DEPARTMENT OF COMPUTER SCIENCE
DOCTORAL DISSERTATION DEFENSE


Candidate: Elizabeth Shriver
Advisors: Alan Siegel and John Wilkes

Performance modeling for realistic storage devices

3:00 p.m., Thursday, January 30, 1997
12th floor conference room, 719 Broadway




Abstract

Managing large amounts of storage is difficult and becoming more so as both the complexity and number of storage devices are increasing. One approach to this problem is a self-managing storage system. Since a self-managing storage system is a real-time system, it requires a model that quickly approximates the behavior of the storage device in a workload-dependent fashion. We develop such a model.

Our approach to modeling devices is to model the individual components of the device, such as queues, caches, and disk mechanisms, and then compose the components. To determine the performance of a component, each component modifies the entering workload use patterns and determines the performance from the workload use patterns and the lower-level device behavior. For example, modifying the use patterns allows us to capture the altered spatial locality that occurs when queues reorder their requests.

Our model predicts the device behavior in terms of response time within a 8% relative error for an interesting subset of the domain of devices and workloads. To demonstrate this, the model has been validated with synthetic traces of parallel scientific file system applications and traces of transaction processing applications.
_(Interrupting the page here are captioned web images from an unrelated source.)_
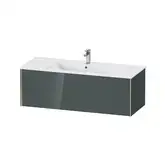 Тумба подвесная под раковину Duravit XViu 121 x 48 см, доломитово-серый глянцевый лак (XV40280B138)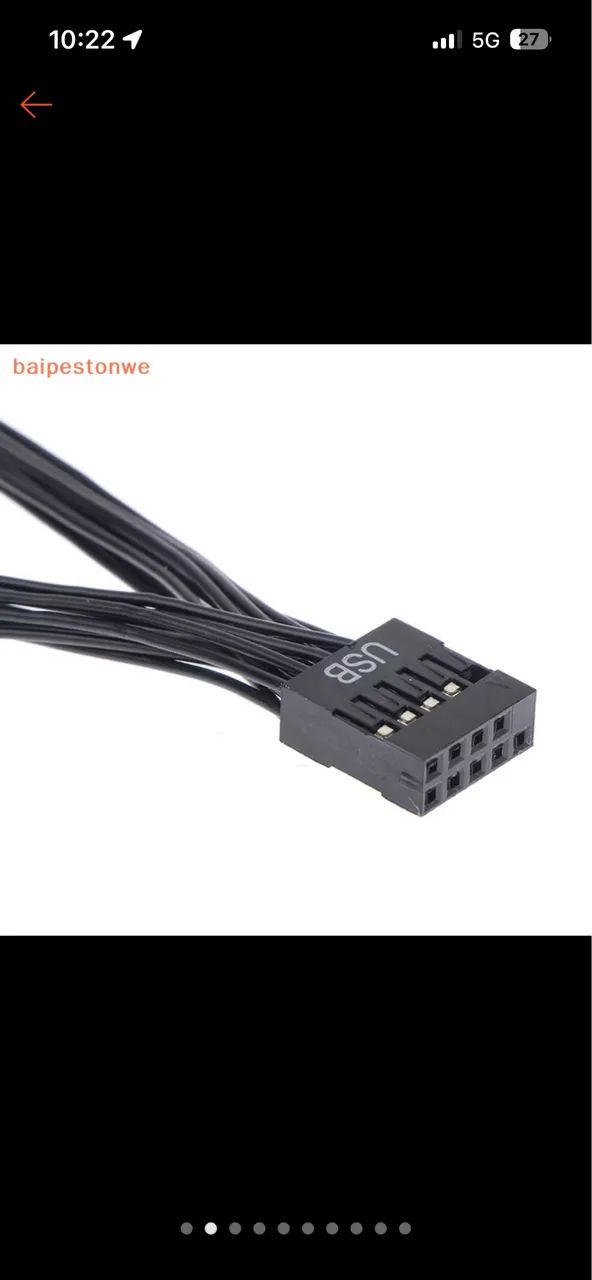 Cabo para placa mãe. Extensão USB 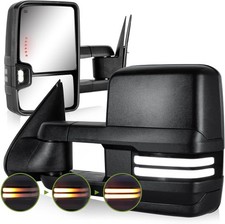 For 2003-2006 Silverado Sierra 1500 2500hd Towing Mirrors Led Switchback Signals
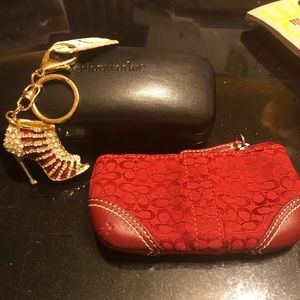Coin purse and high heal key chain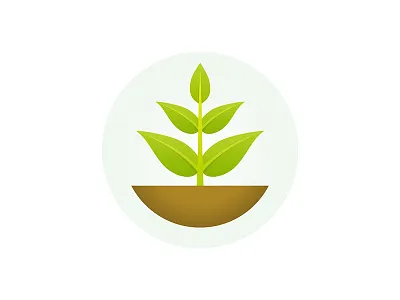 Grow Nature Icon app earth green ground growth icon icons leaf leaves logo mark nature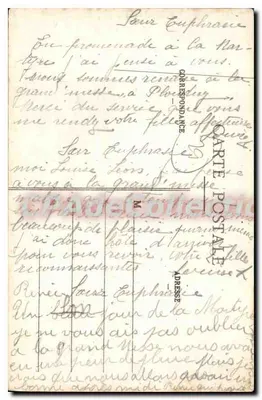 La Martyre (Finistère) — Wnętrze kościoła — Stara pocztówka z kolekcji — Rewers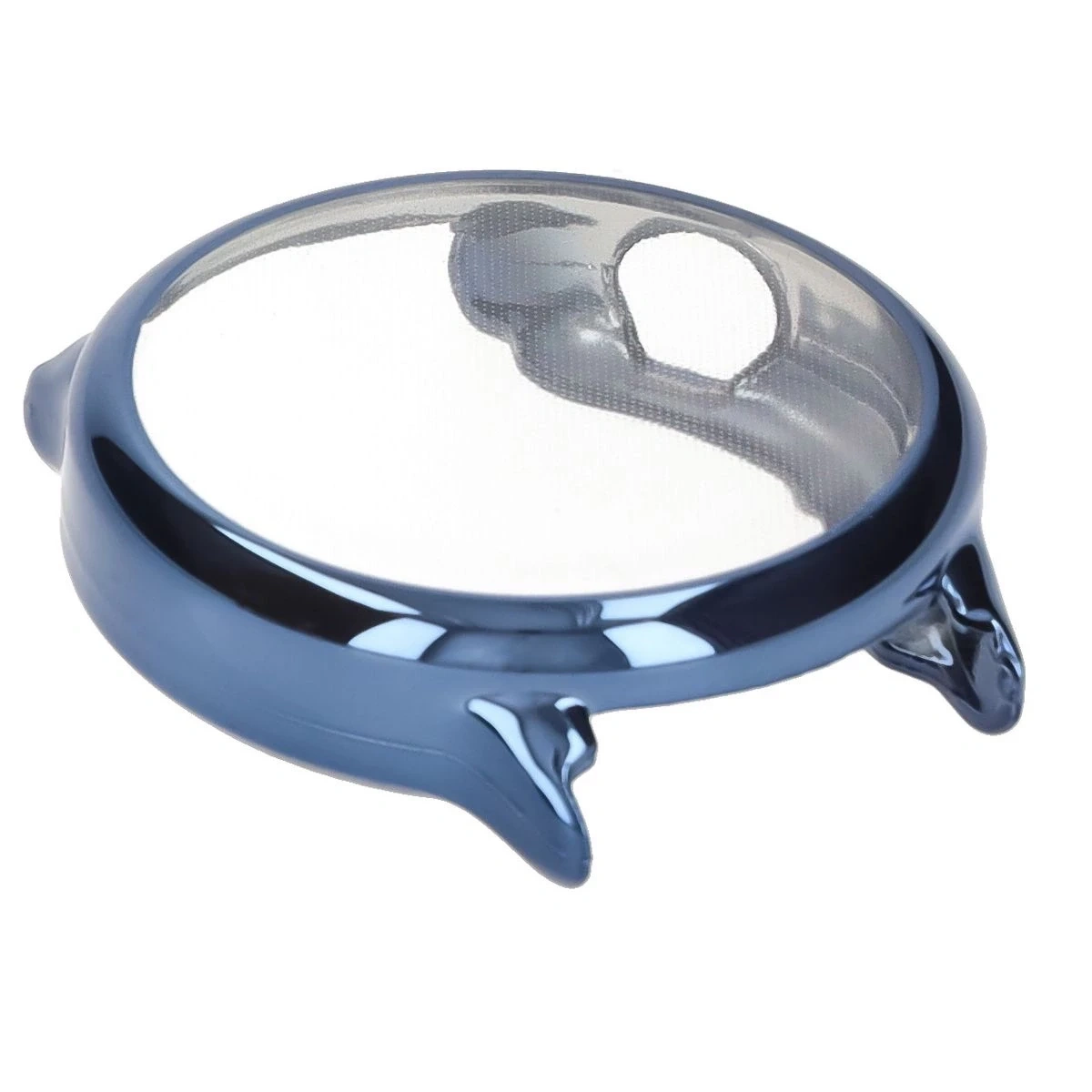 Etui z osłoną ekranu Bizon Case Watch Felipe do Garmin Vivoactive 6 niebieskie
Our contributions to the area of performance modeling for storage devices include the following:

1.
Methods to approximate the positioning time for the disk head of a magnetic disk.
2.
Methods to approximate the queue delay for non-FCFS scheduling algorithms.
3.
Methods to approximate the cache-miss probabilities and the full and partial cache-hit probabilities in the data caches in the I/O path using measures of workload spatial locality.
4.
Methods to approximate the mean seek time and rotational latency of the disk mechanism using measures of workload spatial locality.
5.
An infrastructure for developing a composite model. The infrastructure supports the development of more complicated devices and workloads than we have validated.
Together, these mean that we have analytic methods to approximate the behavior of a set of realistic storage devices.